A combination of brick and concrete foundations provides the best base for your garden shed. Concrete foundations ensure that your shed is stable, level, less prone to insect infestation and most important – dry.
Unfortunately, concrete foundations are also the most expensive option, they take much longer to build than a wooden base (concrete takes 7 days to cure) and they require some skill, especially with ground preparation and levelling.
Concrete foundations are ideal for any size and any type of shed, whether it is wooden, metal or plastic, providing the ground in your chosen spot is reasonably firm, drains at least moderatly well and is not prone to flooding.
You must also be reasonably sure of your chosen spot. A concrete slab, once build, cannot be moved to another location. You will have to use reasonable force to break it up and remove it or you will end up with an unsightly concrete patch on your lawn.
Preparing the ground and laying concrete foundations for your garden shed
I have found an excellent video guide prepared by Lafarge Cement.

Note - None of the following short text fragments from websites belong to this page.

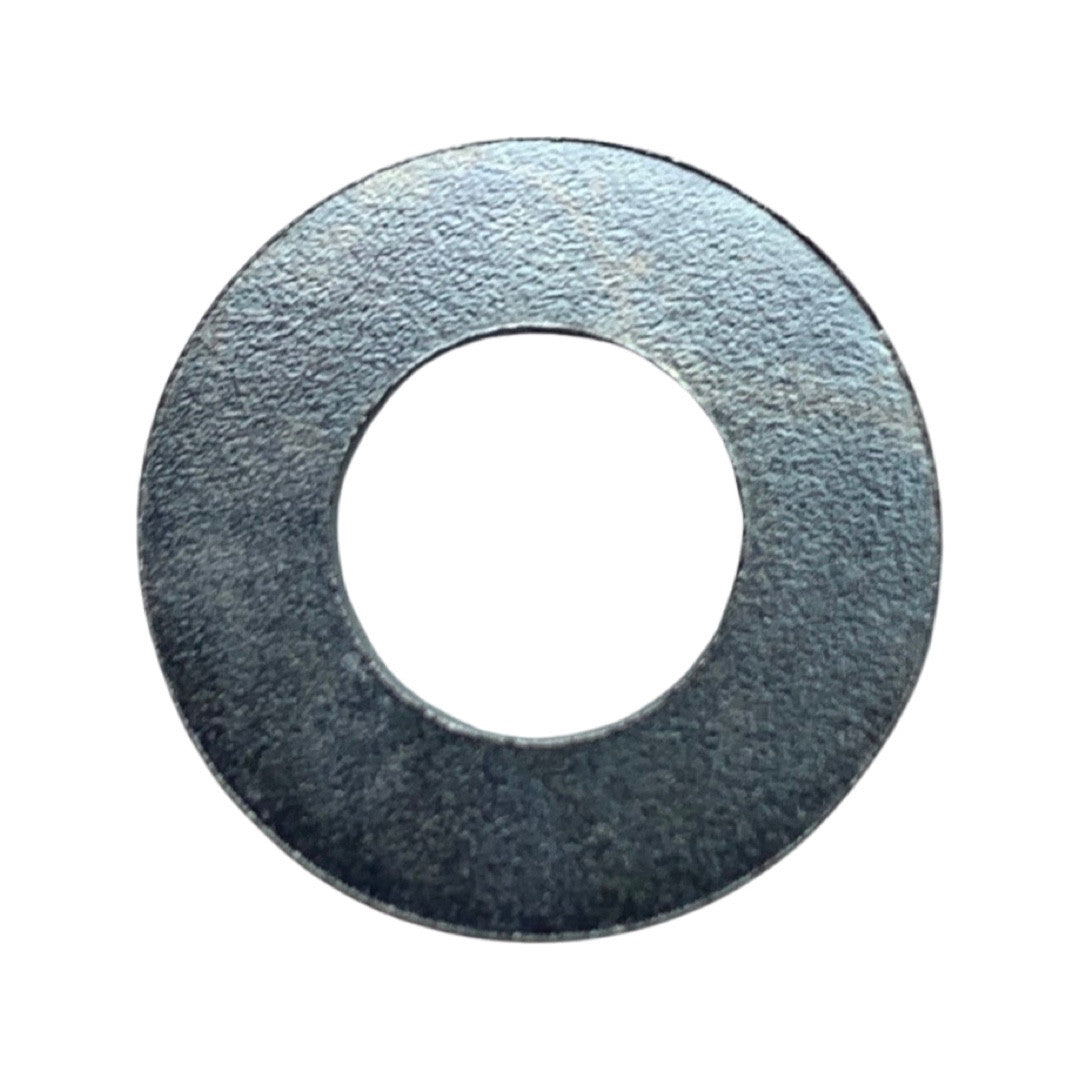 1095019-Genuine Replacement Flat Washer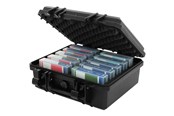 Opbergaccessoires - Tandberg Data Tandberg - 1022291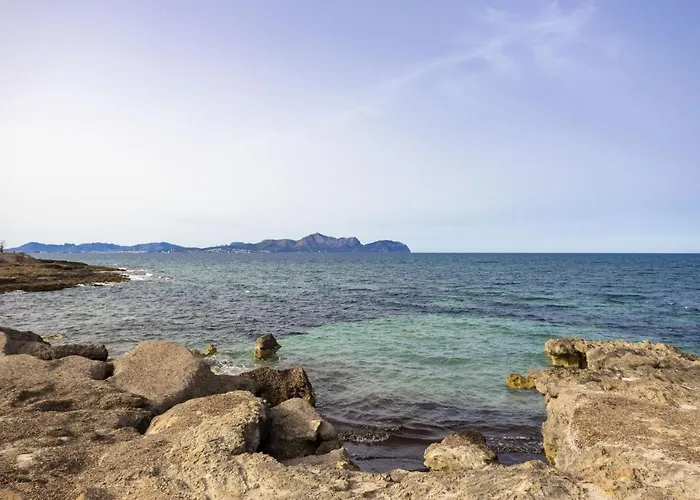 Casa vacanze Maria's House *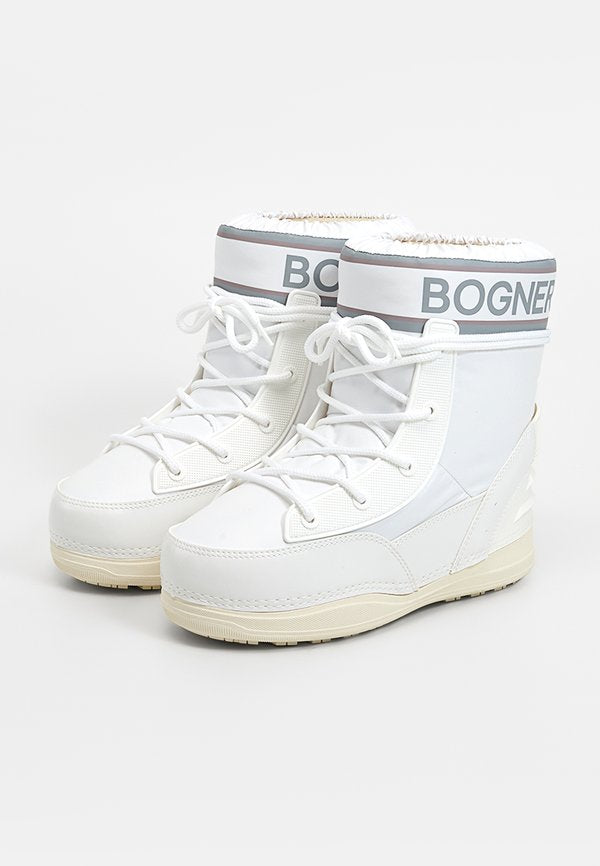 Bogner LA PLAGNE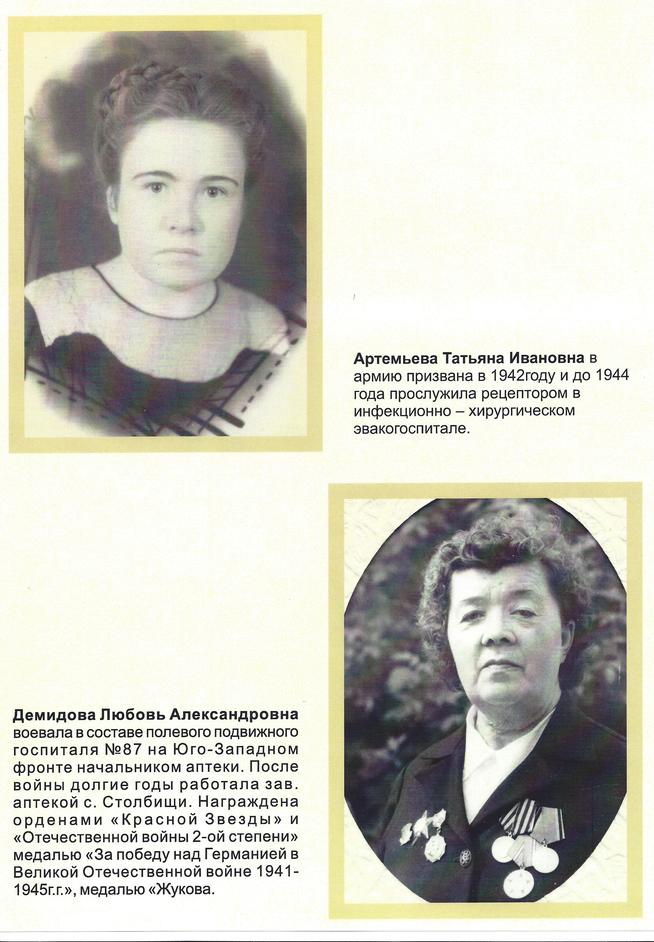 ::Музей истории аптечного дела и трудовой славы ГУП"Таттехмедфарм" g2id96654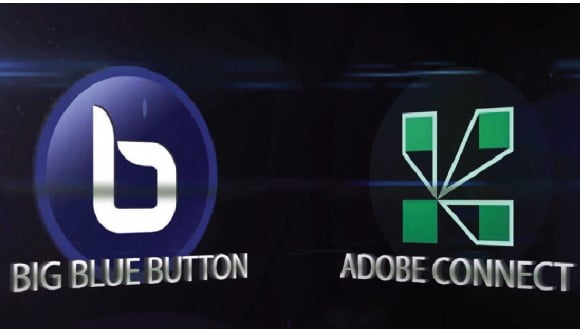مقایسه Adobe Connect و Big Blue Button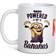 Pyramid International Despicable Mug 31.5cl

While Lafarge DIY cement is a very good brand of cement that you can certainly use on this project, but you can use any other brand you have. Just prepare the cement mixture according to the quantities and mixing instructions on the packet and you are good to go.
Outline for base, brick wall enclosing concrete floor/base
If concrete is used as a base for the retaining wall, this foundation should be at least twice the width of your bricks (8″/20cm) and a minimum of 4″/10cm thick for a small shed and for larger buildings at least 10″/25cm wide and 6″/15cm thick. If you skimp and go much smaller than these dimensions you are wasting your efforts.
Concrete is also used for shed floor and needs to be at least 3″/8cm thick or it will not be strong enough. On spans over 6’/2m aim for at least 4″/10cm thick on firm ground and if the ground is soft or you intend to raise the floor level due to bad ground drainage, you need to use some aggregate.
Two rows of brick are sufficient for smaller sheds, but for larger sheds or where the surrounding ground slopes, is very soft, or drains slowly after rain, three or more rows would be better.
Preparing the ground
- First check the ground for size and level.
- Dig out high spots, ignore hollows for now.
- Mark out the area for your shed using string and pegs. You will need to know the exact external measurement of your shed . Double check your measurements to make sure that the corresponding sides are even.
- From my own experience digging neatly with a normal digging spade to the depth of the spade should give a reasonable trench for the foundations. As the foundation needs to be at least a brick depth below the surface level measure from the lowest point.
- Although the bottom of the trench does not have to be perfectly level, the top of the concrete does. Use wooden pegs banged into the bottom of the trench as guidelines. Insert a peg in each corner and at least one in each side. Use a straight edge or a piece of string stretched across the tops of the pegs to check if they are level. Use a spirit level, don’t assume anything. If you don’t get that part 100% right, you will have problems with assembling your shed or later on .
Mixing and pouring the concrete
- If you are using pre-pack concrete, follow the instructions on the bag. If you have bought cement, sand and gravel separately, the mixing ratio is 1 – 2 – 4 (one part cement, two parts of sand to four parts of gravel).
- If you are mixing the above ingredients by hand, mix dry ingredients first then add water until the mix is of a consistancy you could almost pour from a bucket. If using a mixer put a bucket of water in first followed by the gravel.
- Once the concrete is mixed, fill your trench to the level of the pegs with the concrete.
- Smooth and leave to cure for at least five days.
Building the base brick wall
- YouNow reset your strings, they should be in line with the top outer edge of your proposed brick level.
- Mix your mortar follow the instructions on the bag if using premix or mix in a ratio 4 sand to 1 cement.
- The mortar should be moist enough to stick to the brick but not so wet that it runs off again.
- Now lay the first row of your bricks starting at the corners.
- The second and third row should be overlapping the row below by half a brick.
- You may need to cut some bricks in half to fill the gaps.
- Leave the wall to dry for a few days.
Constructing and damp proofing the shed floor
- Next is the floor. Use small stones/blinding to level up, dig off high spots. Use a heavy duty polythene layer between the ground and the concrete to produce a much dryer floor. Mix and pour your concrete, tamp a level and leave to cure.
- If the weather is really hot, dry, wet, or cold (frost) covering the drying concrete with cloth sacks/sheets is a must, this also has the benefit of keeping off pets.
- Once the floor is dry, dry trim the polythene.
Your concrete foundations are now ready and you can start assembling your shed.